The City Council once again passed on the opportunity to ask the U.S. Army Corps of Engineers to include Billings in an environmental impact study of West Coast coal ports.
Although no formal decision was made at the council's work session Monday night, council members agreed to instruct the city staff to take no action on the subject for now.
That direction was given after a two-hour process during which the council debated the issue and heard 14 people speak at a public hearing — four of them opposed to Billings' involvement in the study and 10 in favor.
Throughout the discussion there was much talk of various people and organizations being pro- or anti-coal. It was obvious that a majority of the council was in the pro-coal camp.
"I don't want the extreme environmental groups to pull us into their fight against coal, because that's all this is," said Councilman Ed Ulledalen of Ward 4.
Even Councilman Jim Ronquillo of Ward 1, who pressed the hardest in favor of doing something about traffic congestion caused by train traffic, said he wasn't opposed to coal trains per se, or to trains carrying Bakken oil, for that matter.
Last June, the council voted 8-3 against sending a letter to the Army Corps of Engineers that had been drafted by the Yellowstone Valley Citizens Council, an affiliate of the Northern Plains Resource Council.
Later in the summer, Ronquillo asked the city staff to do more research and bring back another proposal for sending off a letter. There was some confusion Monday night as to whom that letter was supposed to go and what it was supposed to say.
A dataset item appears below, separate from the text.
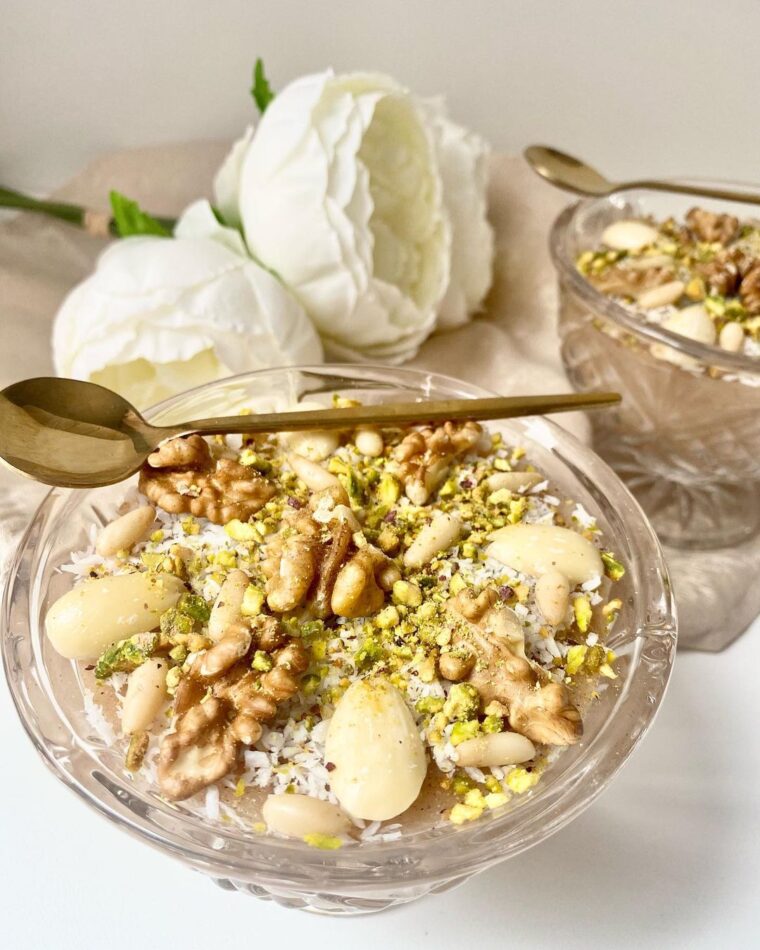 Meghli (Rice Pudding)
Councilman Denis Pitman of Ward 2 said Ronquillo's request did not mention a letter to the Army Corps, and Councilwoman Jani McCall said she thought Ronquillo had asked only for more information on solutions the city could pursue to deal with train-traffic congestion.
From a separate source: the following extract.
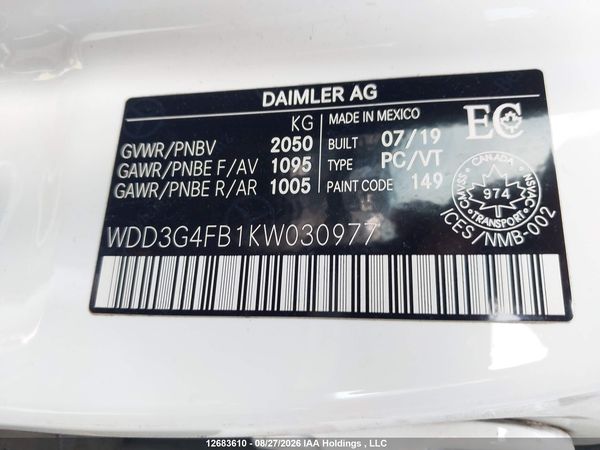 2019 MERCEDES-BENZ A 220 4MATIC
By the end of the discussion Monday, Ronquillo said he didn't care who got the letter, as long as someone in a position to help heard the city's concerns.
"Leastways they'd know we're interested," he said.
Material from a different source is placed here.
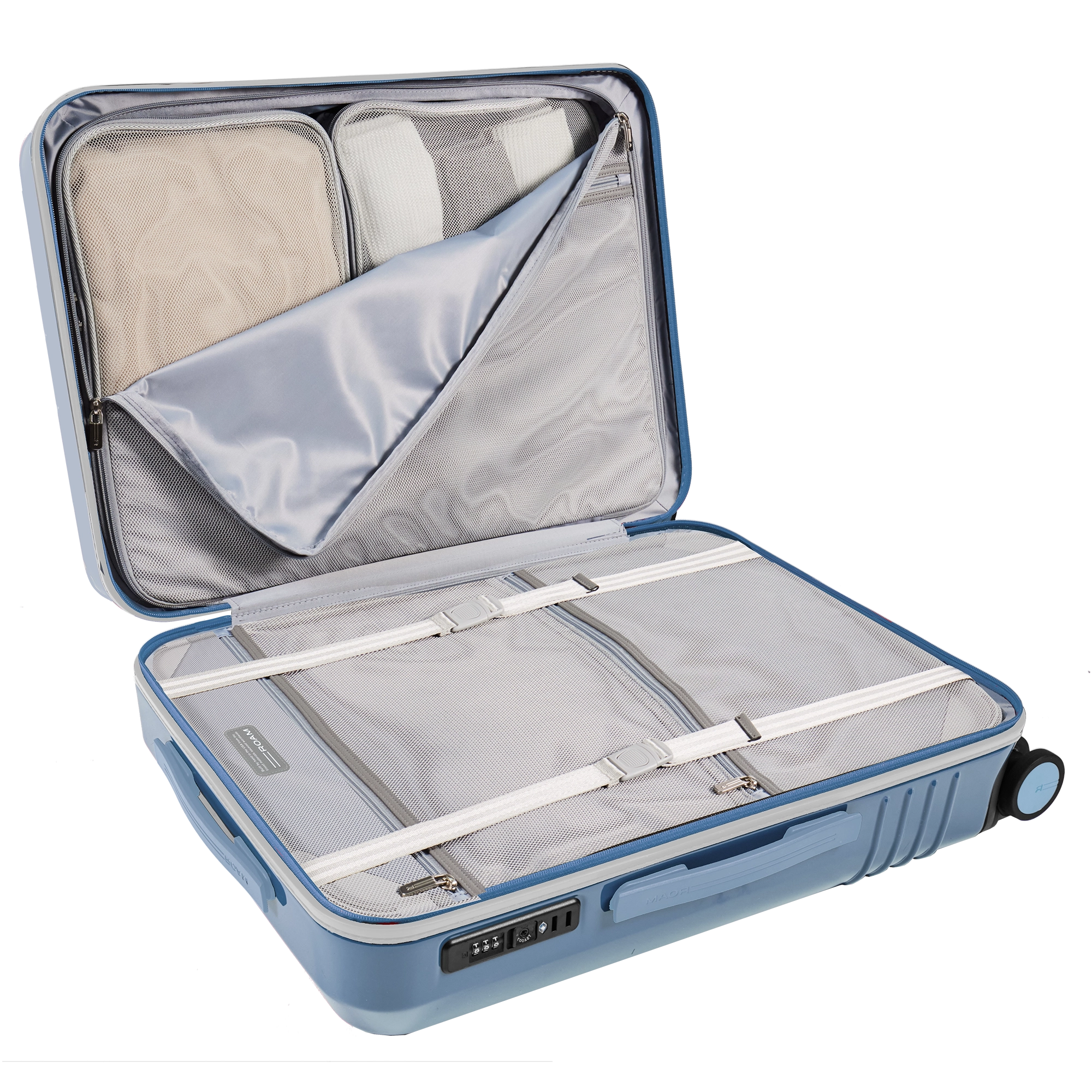 Compression boards allow you to pack more and stay wrinkle free.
Terry Whiteside, a transportation consultant who prepared the "Heavy Traffic Ahead" study of coal train traffic for the Western Organization of Resource Councils, said the Army Corps has agreed to expand the scope of its port study at least as far east as Spokane, Wash.
He said it's possible that the Surface Transportation Board could conduct a separate study of affected cities farther east, including Billings. He said Billings should be trying to stay out front on the issue because between Bakken oil and coal heading to the West Coast, it could feel the effects of increased train traffic more than any other city.
Todd O'Hare, a spokesman for Cloud Peak Energy in Helena, said the effort to have cities sign on to the Army Corps study was part of a national fight against coal and an attempt to bog down the environmental study process and build a case for future lawsuits.
Speakers who favored sending the letter said they weren't for or against coal.
"I'm pro-information," said Ed Gulick, a member of the Northern Plains Resource Council. "I see no downside to being part of this EIS."
But a majority of council members said coal trains weren't the problem — train traffic of all kinds was, and an environmental study would do nothing to help the city mitigate the effects of that traffic.